Have you heard of intergenerational transmission of stress? Have you seen the same trauma pattern mysteriously develop generation after generation? The Ayurvedic idea of samskaras and the science of epigenetics may shed some light on this mystery.

According to Ayurveda, physical, behavioral, mental, and emotional traits can be carried through generations. If mom or dad carries stress, the associated behavior traits can be passed on for generations. These are called samskaras or imprints moved to offspring.

Samskara refers to an impression, or being under the impulse of previous impressions. The imprints left on the subconscious mind by experience in this or previous lives, which then color all of life, one’s nature, responses, and states of mind.

Today, new studies are beginning to show us how these traits may be passed down. While the environment and behavior rarely change the DNA sequence of a gene, they can cause epigenetic changes in the regulation or expression of the gene. This new perspective on genetic expression may be what Ayurveda called samskaras thousands of years ago!

See also Epigenetics: The Power of Nurture

The History of Intergenerational Transmission of Stress

While Ayurveda discussed the generational passing-down of stress thousands of years ago, modern researchers only became aware of this after studying survivors of traumatic events like famine and genocide.

We can see this concept demonstrated in research on famine survivors during WWII.  In the Netherlands during the Nazi occupation, Nazi soldiers blocked food supplies, and more than 20,000 people died of starvation. Of those who survived, the pregnant women passed this starvation stress onto their offspring. Scientists found that these now-adult children carried extra weight and experienced a higher risk of diabetes, obesity, cardiovascular disease, and schizophrenia. When the researchers looked into the cause, they found an epigenetic signature on one of the genes.

A similar phenomenon was found in the offspring of Holocaust survivors. Researchers found an epigenetic change to a gene that regulated the stress hormone cortisol and the ability to detoxify or methylate.

The Science Behind Samskaras (Inherited Stress)

The power of epigenetics and samskaras is also well demonstrated in a study about worms. Worms eat decaying material, and sometimes, they consume some deadly bacteria. Before they die from the infection, they lay eggs (as a part of species survival, it seems). In the process of intergenerational transmission, the following four generations of offspring avoid those deadly bacteria that killed their ancestor. This is a known behavioral trait in nature called pathogen avoidance.

A 2014 study shows that when young male mice are stressed, their behavior is affected as adults. The stressed mice are resistant to exploring new environments and give up more quickly when given a challenging task. When sperm from these stressed males is injected into eggs, the offspring exhibit the same stress behaviors without any contact with their parent.

In another study, rodents were trained to fear the smell of peppermint before they became pregnant. When the offspring of these peppermint-fearing rodents are exposed to piped-in peppermint oil, the infant rodents show the same fear. Remember, the fear of peppermint oil was recorded in the mother’s memory before pregnancy, suggesting that the infant carries this impression, or ‘peppermint samskara,’ from the mother before fertilization.

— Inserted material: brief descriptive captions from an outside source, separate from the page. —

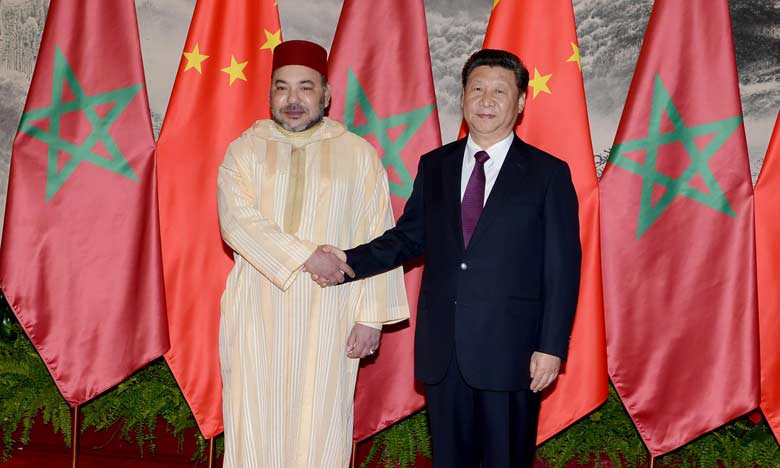 Le Président chinois réserve une cérémonie d’accueil officielle à S.M. le Roi Mohammed VI à Pékin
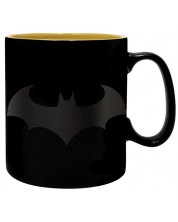 Чаша с термо ефект ABYstyle DC Comics:  Batman - Batman & The Joker (matte)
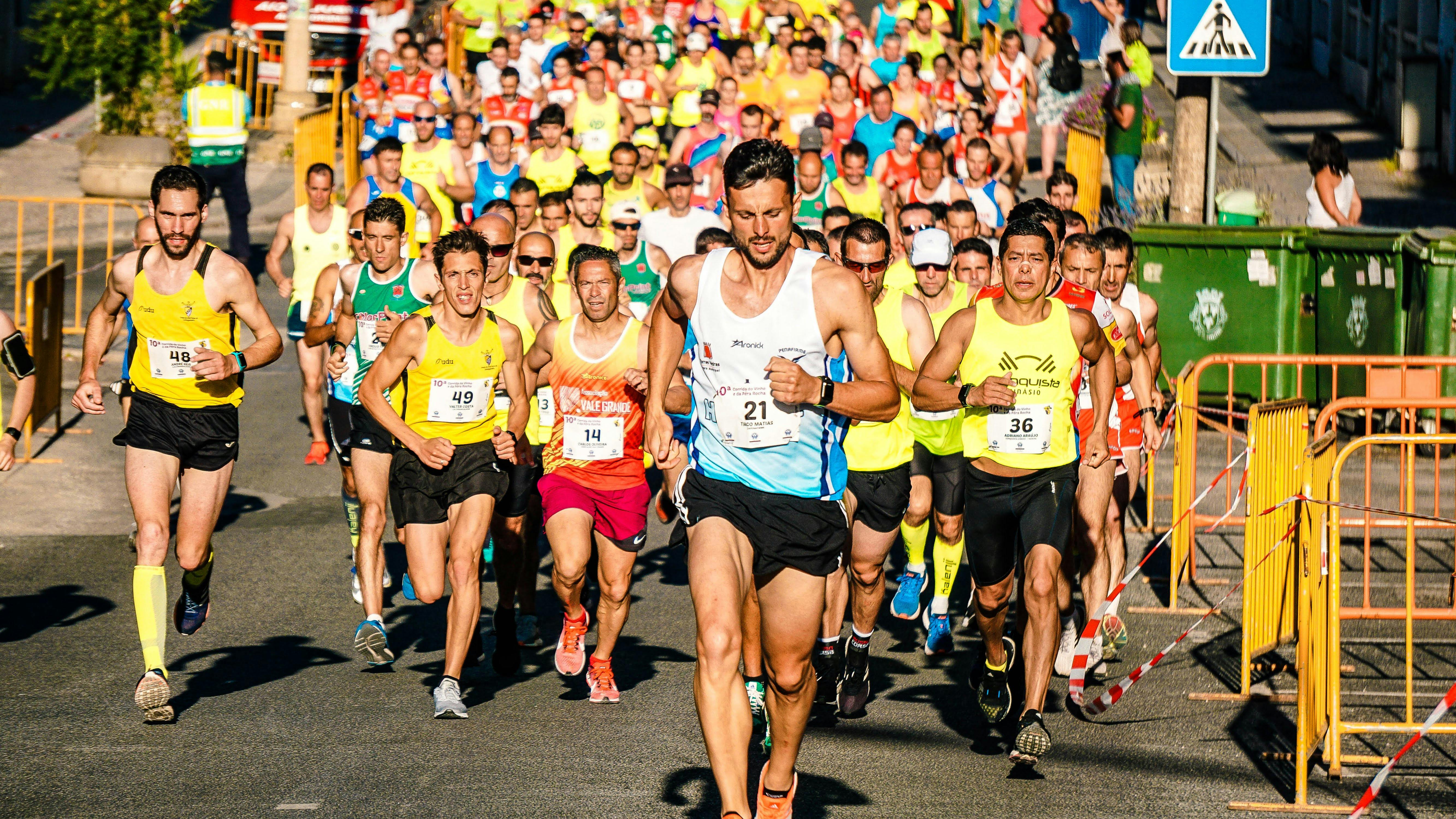 Menemukan Kekuatan di Ujung Lari Marathon Berjarak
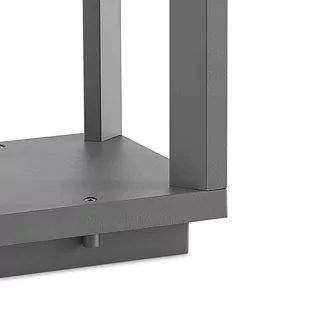 Prios Gamion słupek ogrodowy LED z aluminium, 60cm - Lampy ogrodowe - miniaturka - grafika 4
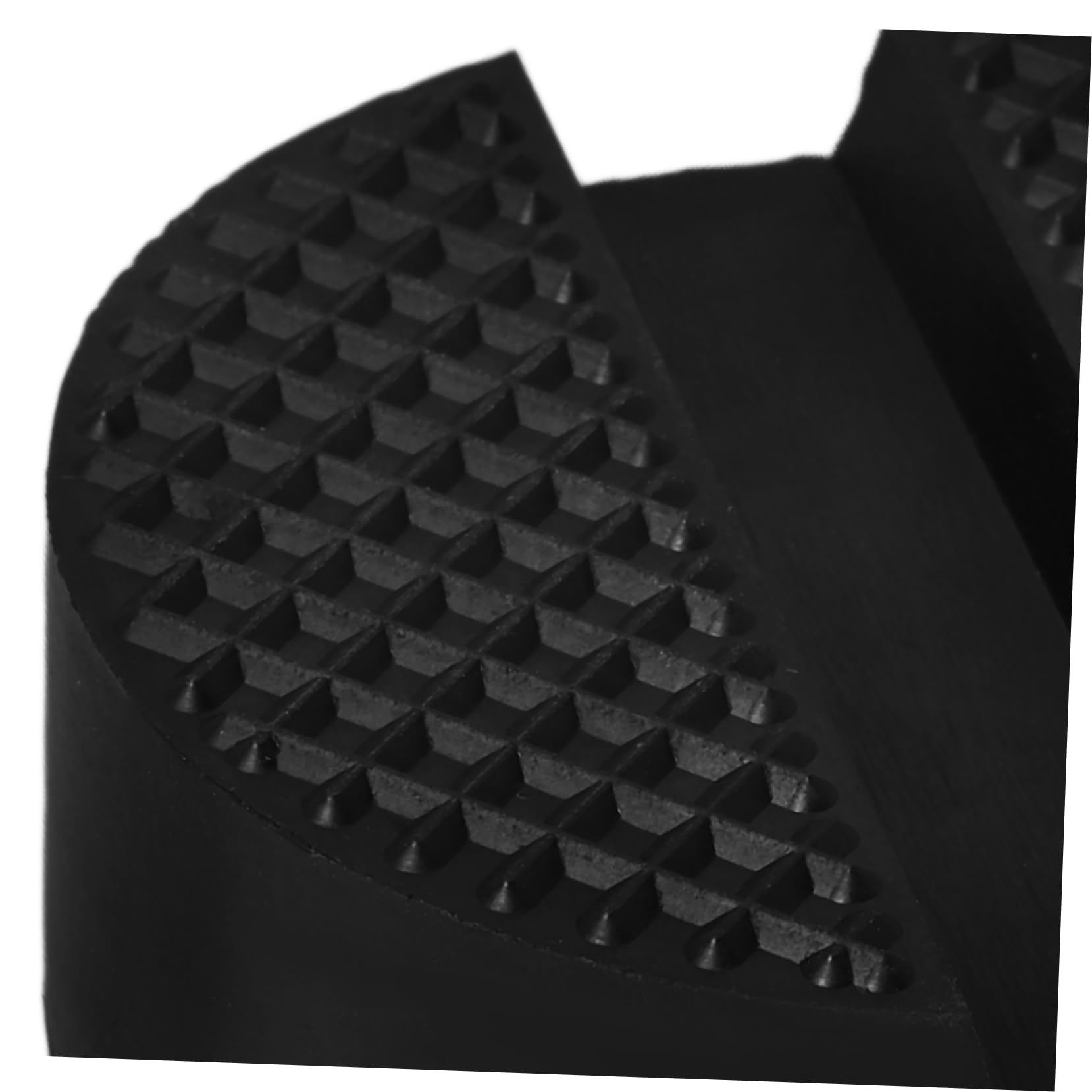 ULTECHNOVO 4pezzi Tampone Per Martinetto Gomma Per Sollevamento Auto Pad Per Stabilità e Sicurezza Durante Le Operazioni Di Sollevamento Facile Da Installare e Riutilizzabile Previene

Understanding how inherited fears, stressors, or samskaras can affect the health and behavior of a family for generations is fundamental in the Ayurvedic roadmap of health. Interestingly, we are only now beginning to understand the subtlety and profundity of epigenetics.

Good Impressions Can Be Passed Down, Too

Most research on intergenerational transmission has focused on stress or trauma being passed to future generations. However, in Ayurveda, good impressions and positive qualities can also be passed down.

The word samskara comes from two words, ‘sam’ and ‘kara.’  Here, sam means planned or deeply thought, and kara means to take action. This definition suggests that any thought pattern, good or bad, that we carry as adults may be epigenetically transferred to our children. Epigenetic research shows us that if there is a life-threatening stressor, we can respond to help protect future generations to survive, much like the worms do.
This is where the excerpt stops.